Wireless communication systems are well known in the art. Generally, such systems comprise communication stations, which transmit and receive wireless communication signals between each other. Depending upon the type of system, communication stations typically are one of two types of wireless transmit/receive units (WTRUs): one type is the base station, the other is the subscriber unit, which may be mobile.
The term base station as used herein includes, but is not limited to, a base station, access point (AP), Node B, site controller, or other interfacing device in a wireless environment that provides other WTRUs with wireless access to a network with which the base station is associated.
The term subscriber unit as used herein includes, but is not limited to, a user equipment, mobile station, fixed or mobile subscriber unit, pager, or any other type of device capable of operating in a wireless environment. Such WTRUs include personal communication devices, such as phones, video phones, and Internet ready phones that have network connections. In addition, WTRUs include portable personal computing devices, such as PDAs and notebook computers with wireless modems that have similar network capabilities. WTRUs that are portable or can otherwise change location are referred to as mobile units.

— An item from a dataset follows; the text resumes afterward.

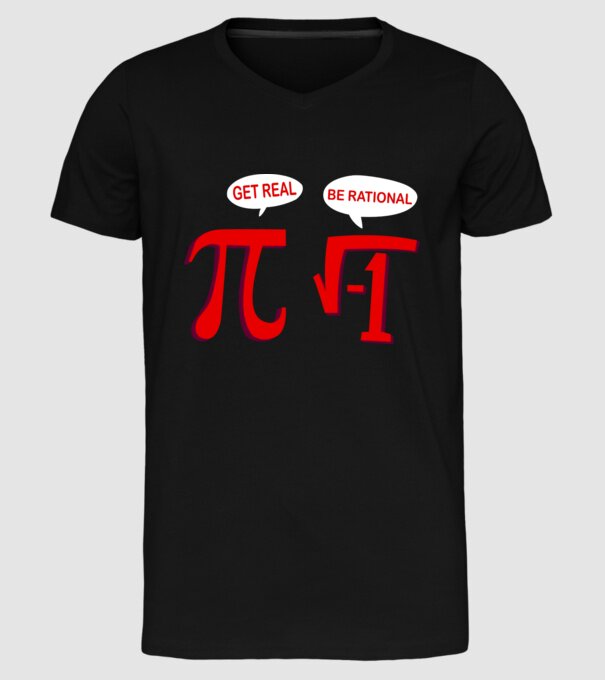 Get real, be rational model negru pe tricou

Typically, a network of base stations is provided wherein each base station is capable of conducting concurrent wireless communications with appropriately configured WTRUs, as well as multiple appropriately configured base stations. Some WTRUs may alternatively be configured to conduct wireless communications directly between each other, i.e., without being relayed through a network via a base station. This is commonly called peer-to-peer wireless communications. Where a WTRU is configured to communicate directly with other WTRUs it may itself also be configured as and function as a base station. WTRUs can be configured for use in multiple networks, with both network and peer-to-peer communications capabilities.
One type of wireless system, called a wireless local area network (WLAN), can be configured to conduct wireless communications with WTRUs equipped with WLAN modems that are also able to conduct peer-to-peer communications with similarly equipped WTRUs. Currently, WLAN modems are being integrated into many traditional communicating and computing devices by manufacturers. For example, cellular phones, personal digital assistants, and laptop computers are being built with one or more WLAN modems.

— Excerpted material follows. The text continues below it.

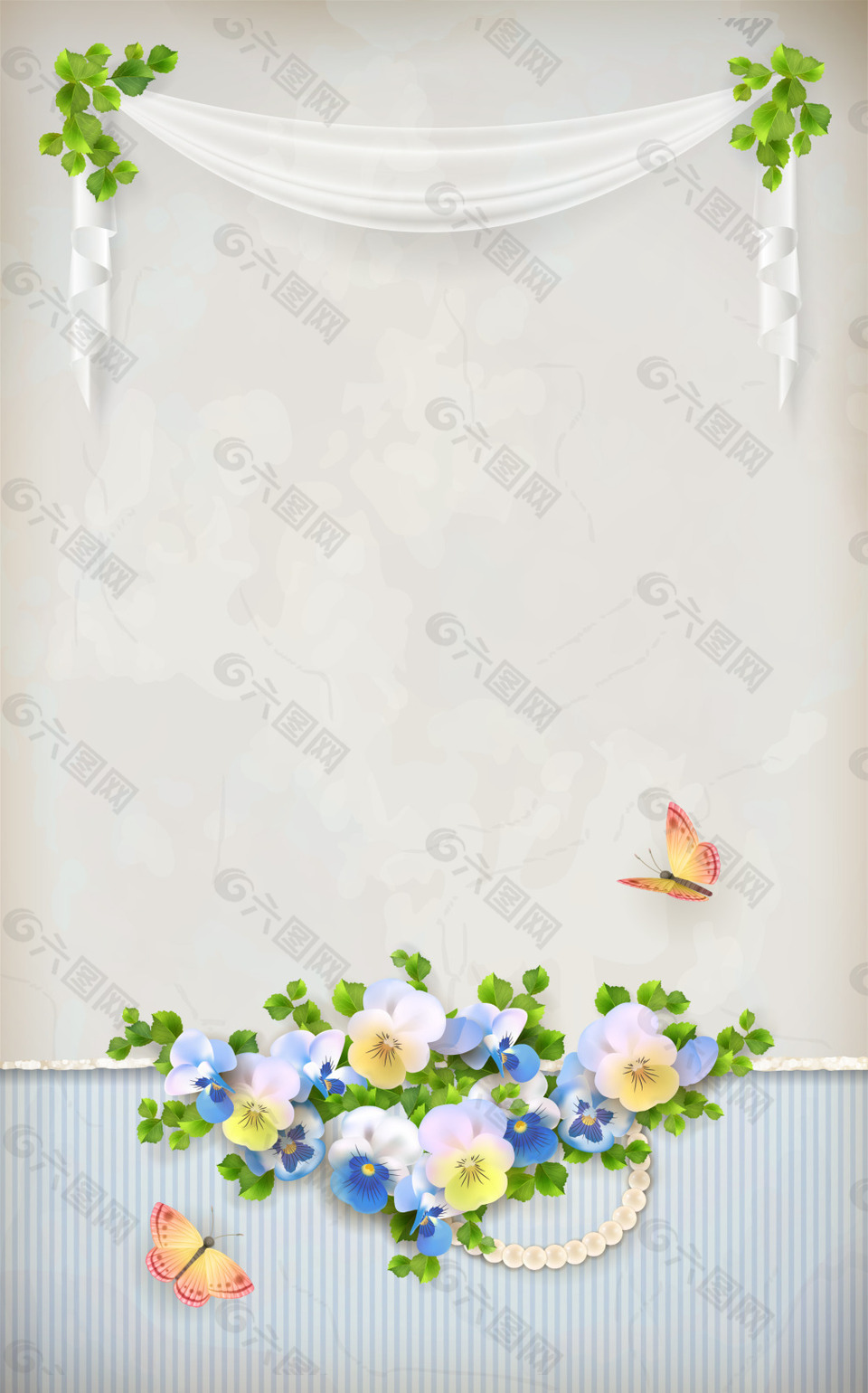 清新花卉蝴蝶背景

In the wireless cellular telephone context, one current standard in widespread use is known as Global System for Mobile Telecommunications (GSM). This is considered as a so-called Second Generation mobile radio system standard (2G) and was followed by its revision (2.5G). General Packet Radio Service (GPRS) and Enhanced Data for GSM Evolution (EDGE) are examples of 2.5G technologies that offer relatively high speed data service on top of (2G) GSM networks. Each one of these standards sought to improve upon the prior standard with additional features and enhancements. In January 1998, the European Telecommunications Standard Institute—Special Mobile Group (ETSI SMG) agreed on a radio access scheme for Third Generation Radio Systems called Universal Mobile Telecommunications Systems (UMTS). To further implement the UMTS standard, the Third Generation Partnership Project (3GPP) was formed in December 1998. 3GPP continues to work on a common third generational mobile radio standard. In addition to the 3GPP standards, 3GPP2 standards are being developed that use Mobile IP in a Core Network for mobility.
Popular WLAN environments with one or more WLAN base stations, typically called access points (APs), are built according to the IEEE 802 family of standards. Access to these networks usually requires user authentication procedures. Protocols for such systems are presently being standardized in the WLAN technology area such as the framework of protocols provided in the IEEE 802 family of standards.

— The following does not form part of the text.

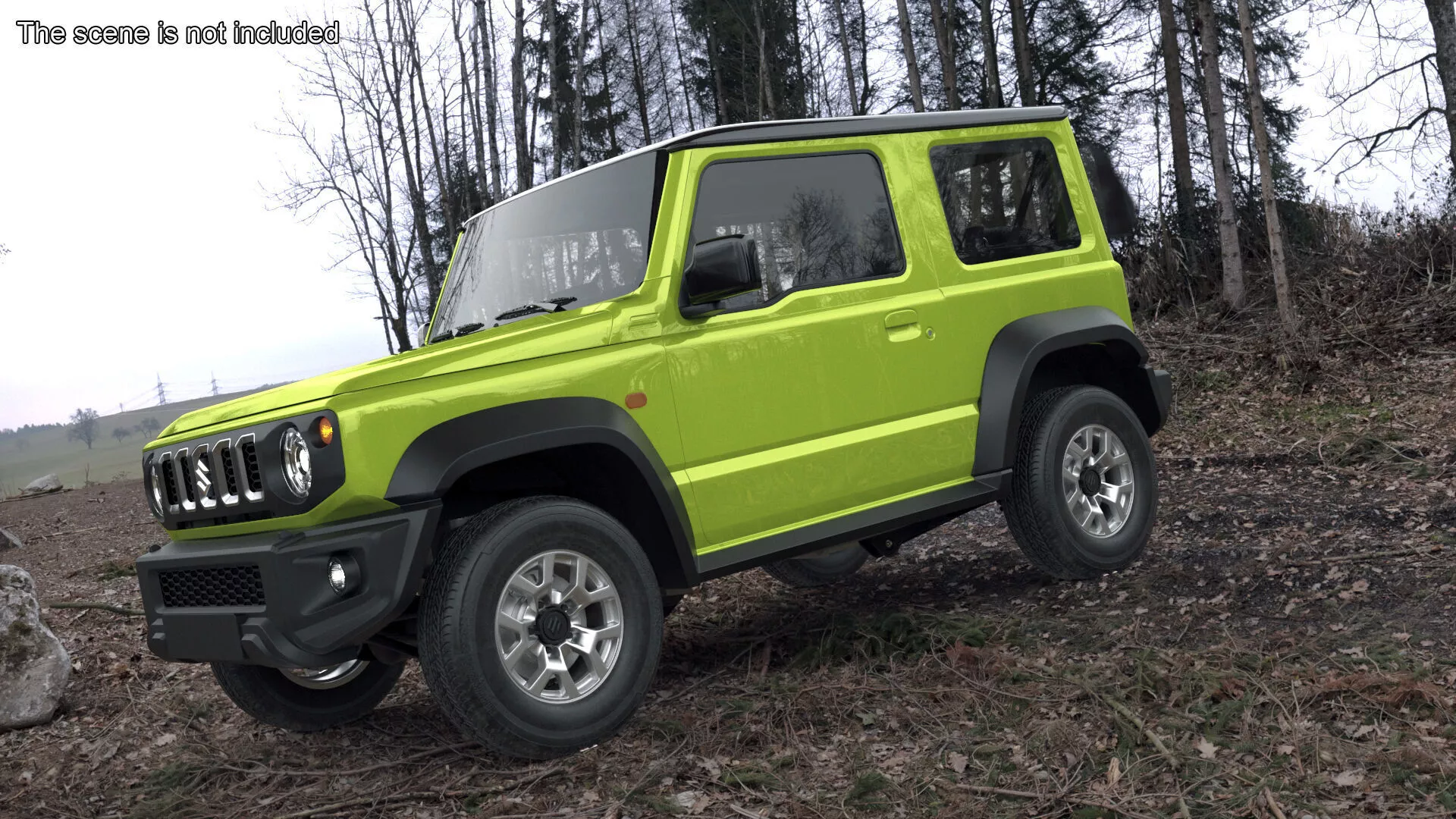 Suzuki Jimny 2025 Three Door SUV Green Rigged 3D model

A basic service set (BSS) is the basic building block of an IEEE 802.11 WLAN, which comprises WTRUs also referred to as stations (STAs). Basically, the set of STAs which can talk to each other can form a BSS. Multiple BSSs are interconnected through an architectural component called a distribution system (DS), to form an extended service set (ESS). An access point (AP) is a WTRU that provides access to the DS by providing DS services, and generally allows concurrent access to the DS by multiple STAs.
In an AP-based WLAN, a WTRU must communicate wirelessly with a specific AP situated in its vicinity. The WTRU is said to be associated with this AP. It is sometimes necessary or desirable for a WTRU to change the AP to which it is associated (“reassociation”). For example, the WTRU may be experiencing poor signal conditions because it is moving out of the geographic area served by the AP with which it is originally associated (original AP). Poor signal conditions can also be caused by congestion arising in the basic service set (BSS) served by the original AP.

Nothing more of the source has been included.